Frank [Darabont, former showrunner] and I made phone calls and checked with people who had worked with him. All of us on the show do check to see what someone’s on set character is like—not just, “Are they a good actor?”—because you can upset that balance. We weren’t as familiar in the U.S. with him as a television actor; we saw him as the guy from Love Actually, but he had actually been the lead in a number of British TV series.
But he hadn’t done anything like The Walking Dead, this horror genre.
That’s the great thing about working with AMC. They wanted the best actor for the role. That he was unknown in the U.S. was actually better, because there were no preconceived notions about who the actor was who was playing Rick Grimes.
Given that you were also instrumental in the success of the Terminator series, you’ve now been integral to the success of two iconic projects. Not many people get to experience something like that twice.
Indeed. Terminator being the first film that I ever fully produced, it will always be very special. It was a film that had to overcome a lot of obstacles, which meant that its success was all the sweeter. But it is weird not being involved anymore. It’s kind of bittersweet at this point.

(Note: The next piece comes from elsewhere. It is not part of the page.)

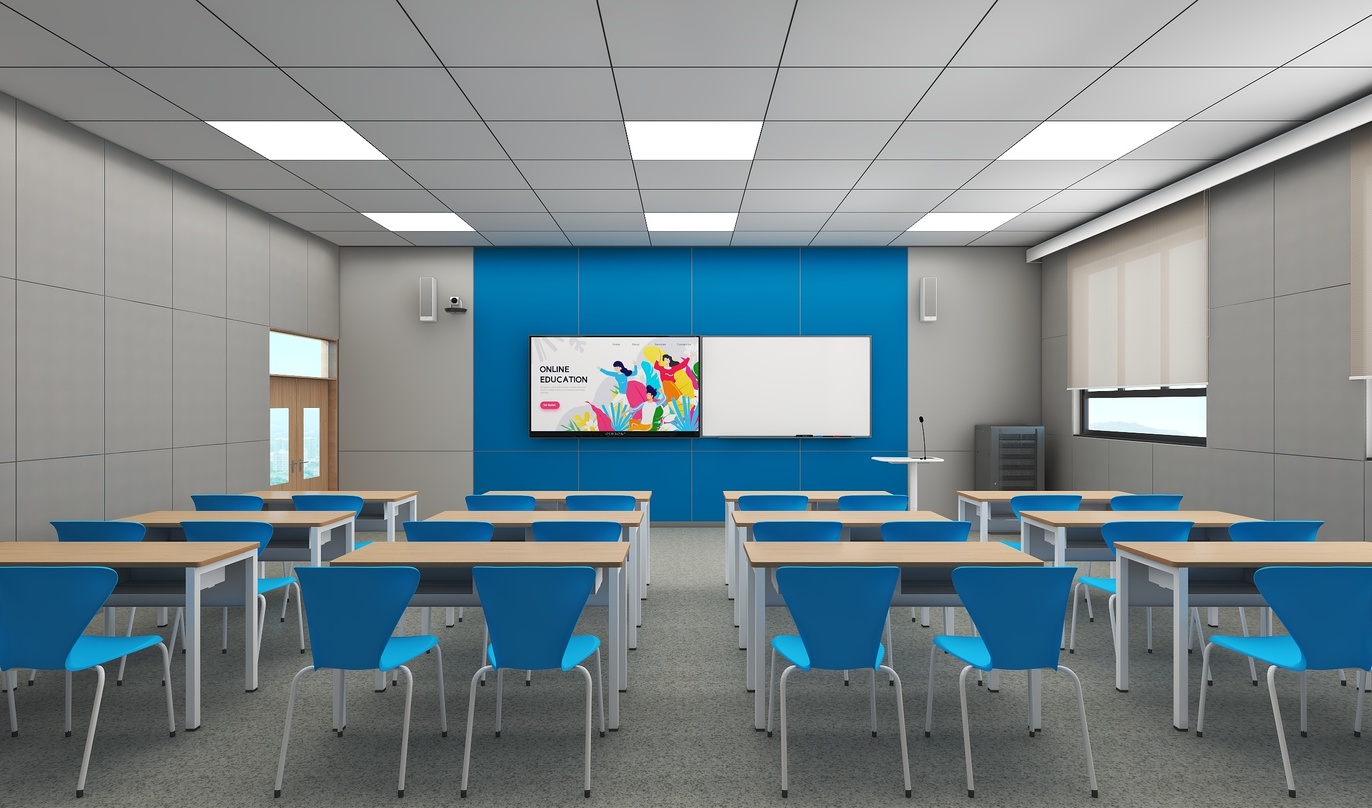 这是一个教室，整体为灰色和蓝色。教室中间有一排蓝色的课桌和椅子，教室的墙上有一块白色的黑板和一个大屏幕。教室的屋顶上装有多个白色的灯。教室的门是关闭的，教室的左侧有三扇窗户，窗户旁有白色的窗帘。教室的地面是灰色的。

Since so many sci-fi films don’t tend to age that well, are you surprised that Terminator has held up?
It was pretty prescient. At times, you look at what’s going on today—and I know people who are in the community of defense and stuff and that arena—and it turns out SkyNet was not that far off from what we have now. If you watch television and the advances in science and robotics, cyborgs are probably not that far off, either, at least some form of cyborg. A lot of things we predicted have happened. I don’t know if we’re that close to time travel, but I won’t rule anything out.